Wer sich über einen Bausparvertrag Gedanken macht und die Einkommensgrenzen anschaut, kann zunächst den Eindruck erhalten, dass für ihn keine Sparzulage zu ergattern ist. Hier ist es wichtig, genau zu schauen.
Die Auskunft der Verbraucherzentralen, dass die Bruttoeinkommensgrenzen weitaus höher liegen, als die genannten Höchstsummen, sind auf folgende Kriterien zu untersuchen.

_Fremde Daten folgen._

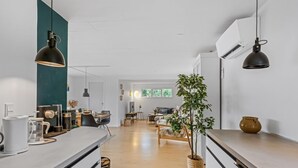 Une cuisine moderne dotée d’un îlot central, de luminaires suspendus et donnant sur l’espace de vie.
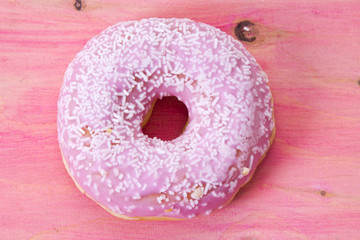 donuts pink on pink wood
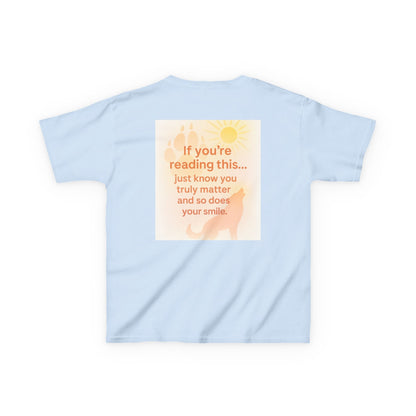 Nature-inspired Montana Adventure Kids Tee with positive message on soft blue fabric, designed for comfort and movement.
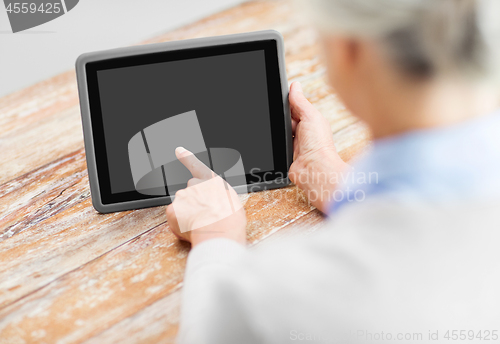 Image of senior woman with black screen on tablet computer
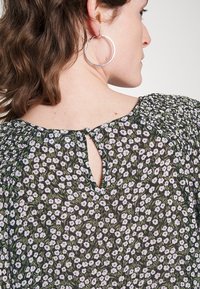 Blusa floral em tecido escuro com flores roxas e brancas, apresentando um decote em gota nas costas e detalhes franzidos nos ombros.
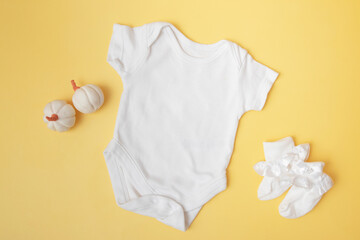 Baby clobodysuit mock-up with pumpkins on yellow background for your text or logo place in autumn season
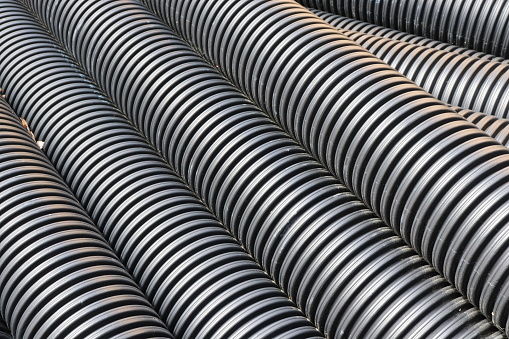 Close up of corrugated black hose pipes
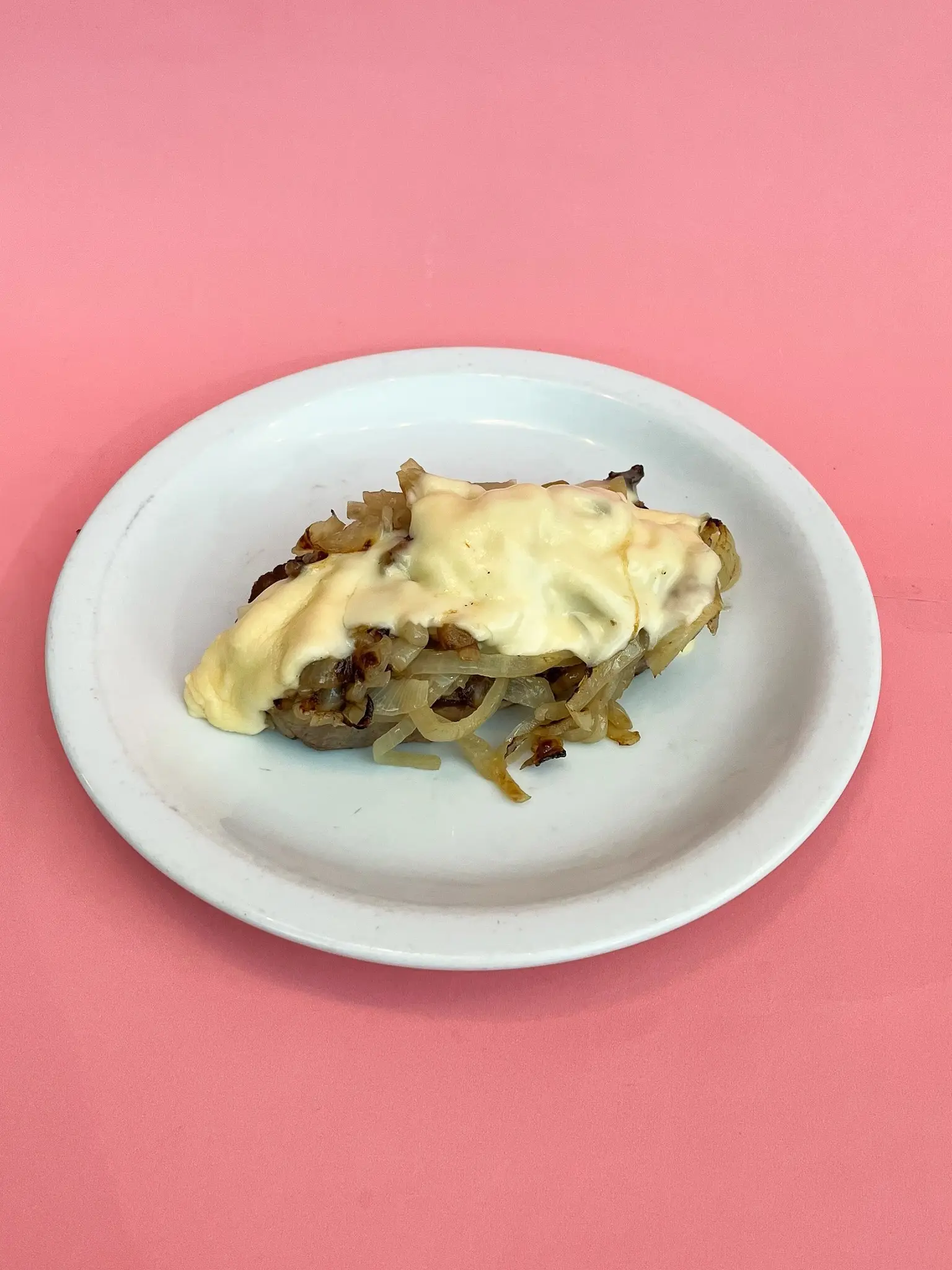 Lomo cebollado al gratén
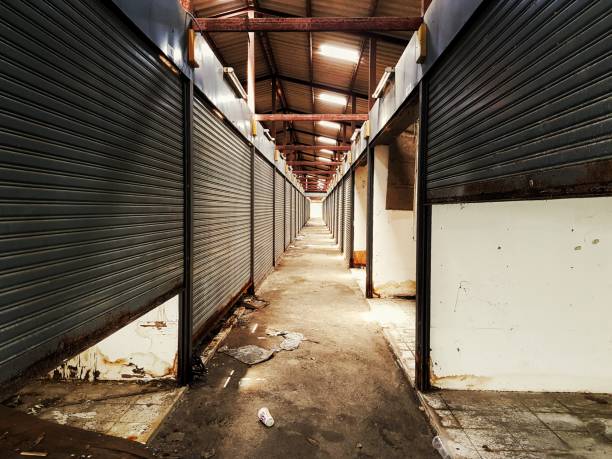 istock old creepy abandoned​ industrial​ warehouse​ 1174370680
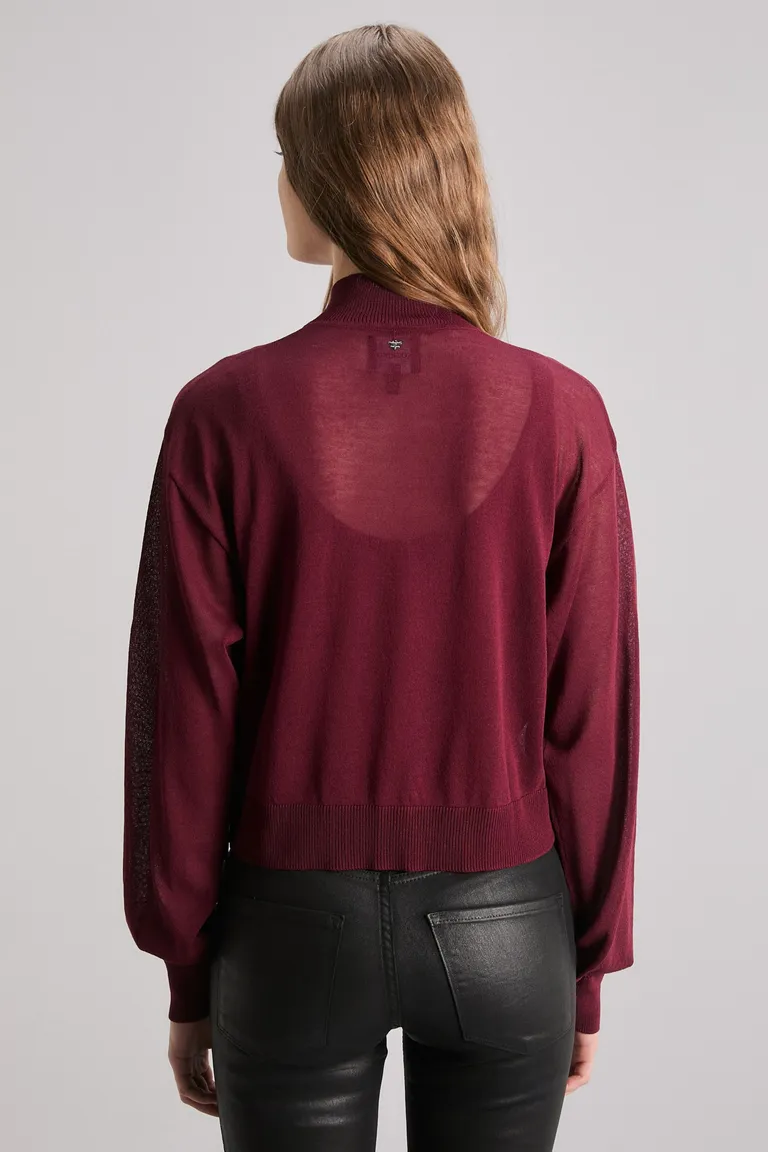 Bomber de punto transparente con cuello alto y cierre central de Kosiuko en Buzos y Sweaters para argentina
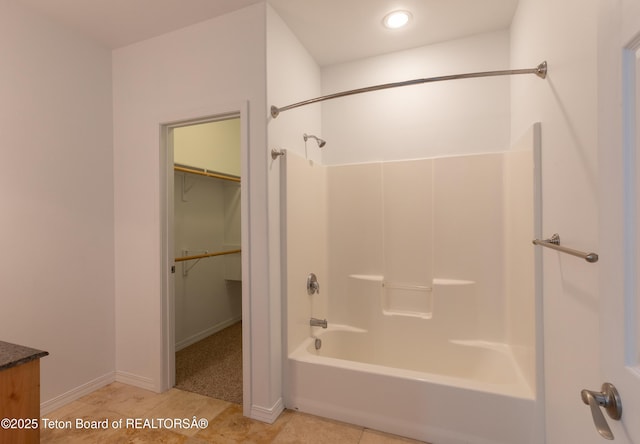 80 Eva Ln Unit 14, Victor, ID 83455 - bathroom featuring bathtub / shower combination, tile patterned flooring, vanity, a spacious closet, and recessed lighting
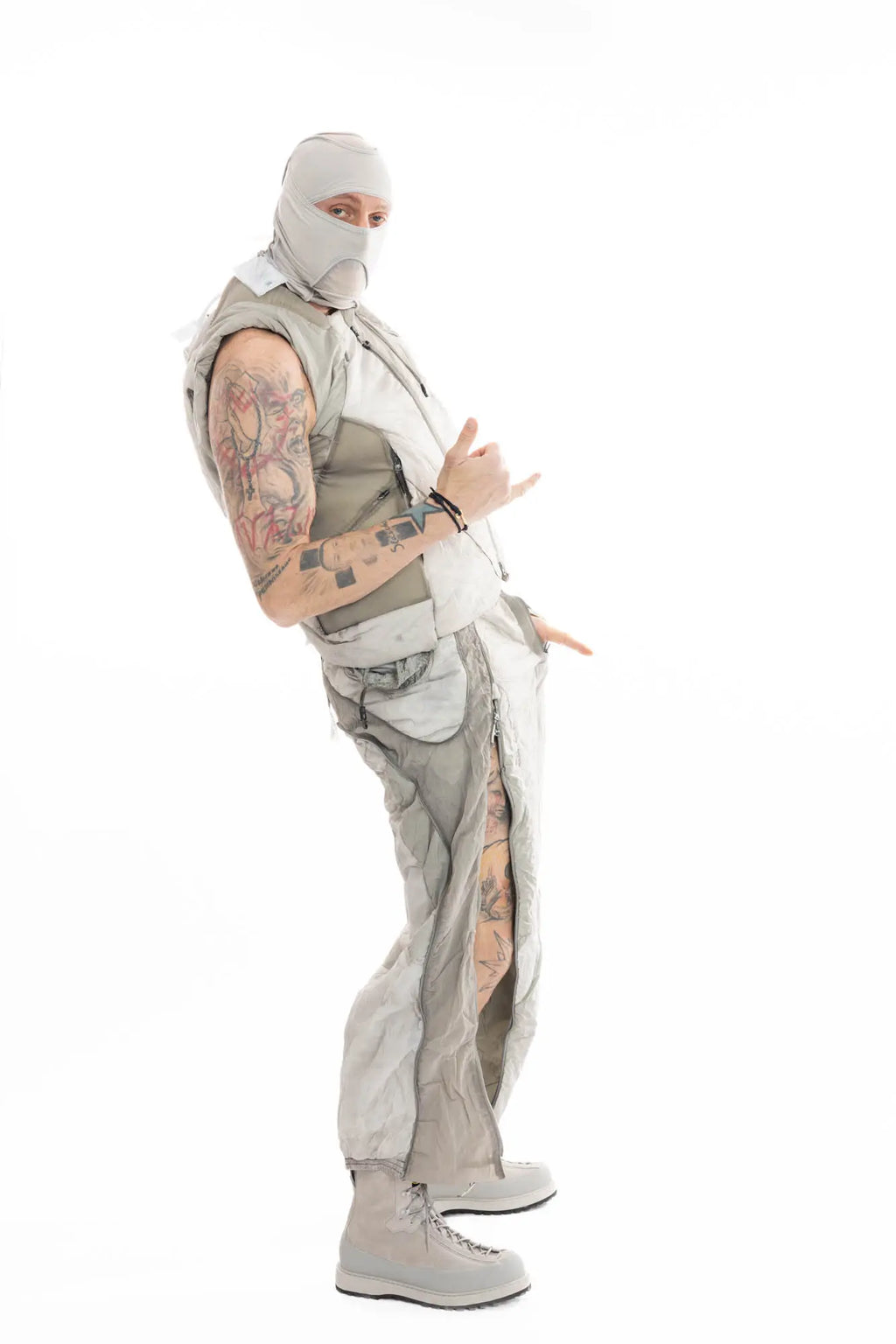 Hamcus, Mens Trousers, Light Grey, Dirt White, Straight Leg, Leg Zippers, Multi-Fabric, Translucent Inserts, Transparent, Zip Fly, Side Drawcord Pockets, Drawcord Elastic Waistband, Lean Back Side in-motion View. 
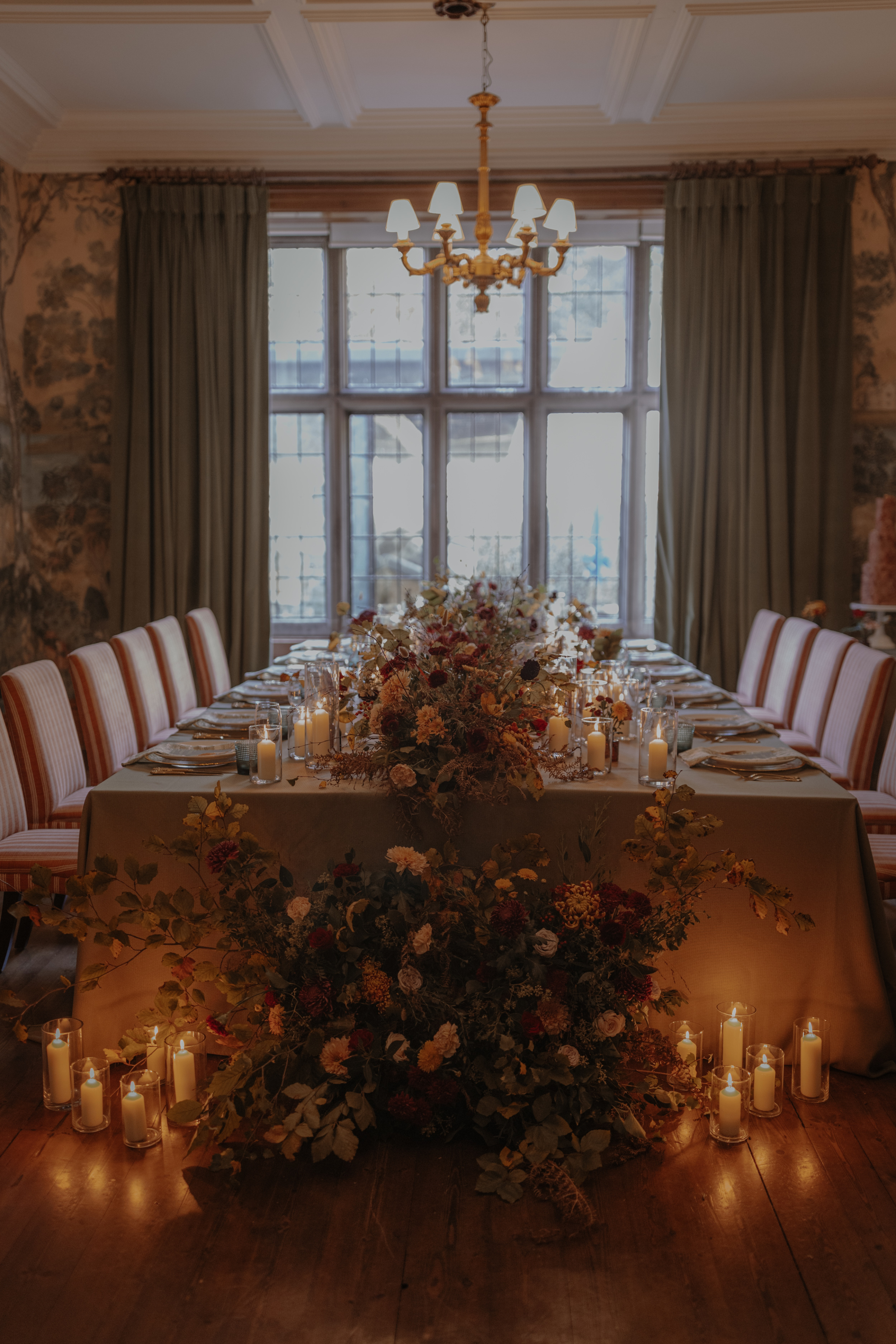 Elegant wedding table setting with the appearance of flowers tumbling off the edge of the table onto the floor, surrounded by candles in hurricane jars.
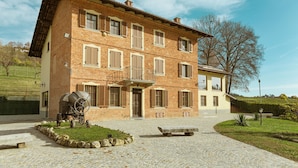 Un edificio de ladrillo de dos pisos con un patio empedrado de piedra, un barril antiguo y una banca.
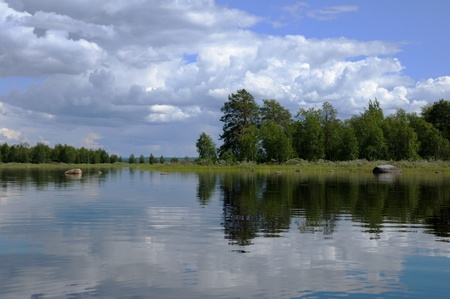 The beautiful picture of Karelian forest at the edge of a lake, and some huge boulder in this lakeの写真素材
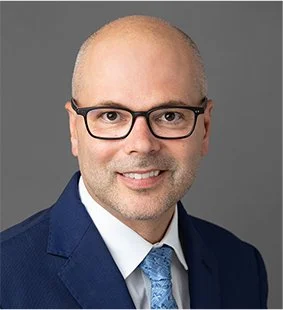 A professional headshot of a middle-aged man with glasses, wearing a dark blue suit, white dress shirt, and light blue tie, against a gray background.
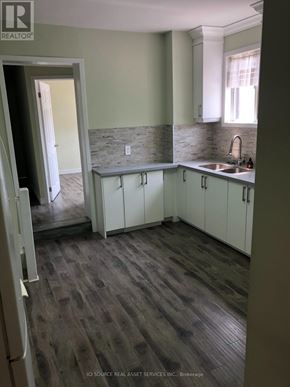 Toronto (Annex) apartment for rent - A kitchen with white cabinets and a stone backsplash.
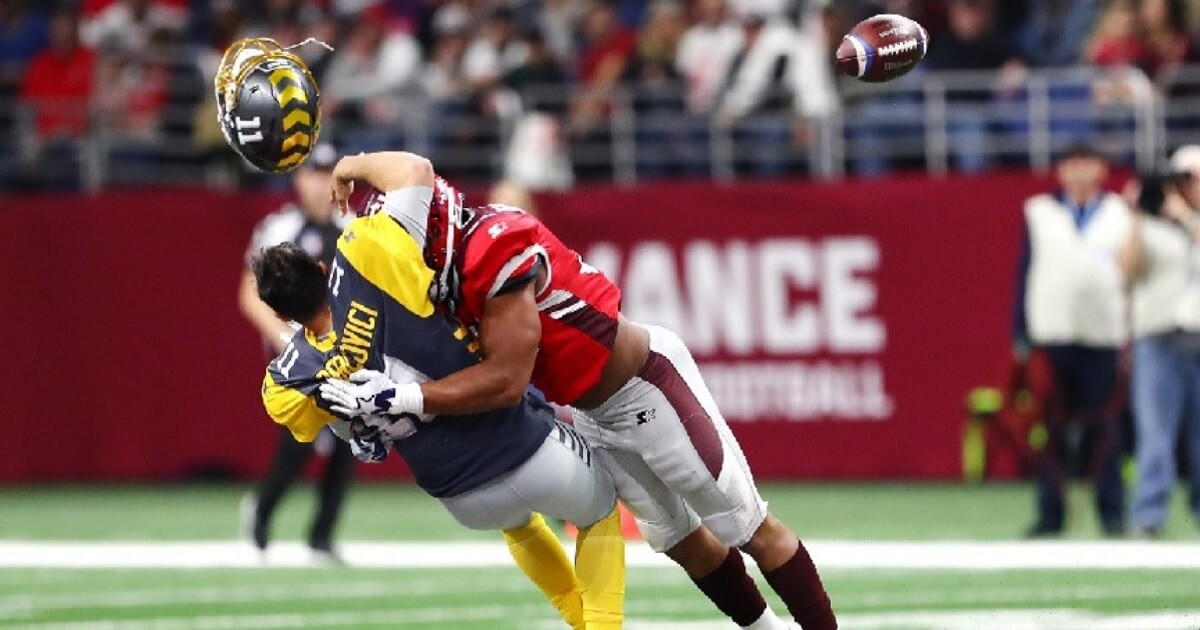 Mike Bercovici of the San Diego Fleet loses his helmet as he is tackled by Shaan Washington of the San Antonio Commanders during the first quarter in an Alliance of American Football game at the Alamodome on Saturday in San Antonio, Texas.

Bei der Berechnung zählt das zu versteuernde Einkommen und nicht das auf der Lohnabrechnung genannte Bruttogehalt.
Jeder Arbeitnehmer kann grundsätzlich jährlich einen Pauschalbetrag von 920.- Euro für berufliche Werbekosten vom Bruttogehalt abziehen und weitere Beträge wie Vorsorgeaufwendungen und Kirchensteuer und sonstige Sonderausgaben abrechnen.

Auch für Kinder lassen sich im Jahr 3648.- Euro für jedes Kind abrechnen, wobei unerheblich ist, ob es Kinderheld gibt oder nicht. Bei Verheirateten mit Kindern kann auf diese Art auch bei Einkommen von 50.000,- Euro zum Beispiel die Arbeitnehmersparzulage noch zustehen.

Bausparen ohne Bauwunsch

Im Rahmen der vermögenswirksamen Leistung ist Bausparen auch für Menschen sehr rentabel, die keinen Wunsch zum Bauen haben.
Bei 9 % Sparzulage für 470,- Euro im Jahr für Arbeitnehmer sind die Raten in Bausparverträgen gut angelegt und können nach 7 Jahren Laufzeit auch für andere Dinge eingesetzt werden.

Auch bei reinen Geldanlagen ist die Rendite trotz höherem Grundzins lohnend und abseits von vermögenswirksamen Leistungen gibt es weitere staatliche Leistungen, die beansprucht werden können.

Die staatlichen Leistungen stehen erst am Ende der siebenjährigen Laufzeit zur Verfügung. Wer vorher auf das Ersparte zugreifen möchte, ohne damit zu bauen, zu renovieren oder zu sanieren, oder aber auch Nutzungsrechte in Seniorenstiften einzukaufen kann die Ansprüche auf die Ausschüttung verlieren.
Die frühzeitige Ausschüttung ist an Investition im baulichen oder wohnwirtschaftlichen Bereich, der breit gefasst ist, gebunden.

Hinzu kommt die Bindung an das Erreichen der Zuteilungsreife, da selbst bei Bauvorhaben ohne Zuteilungsreife die Ausschüttung der staatlichen Zulage verloren geht.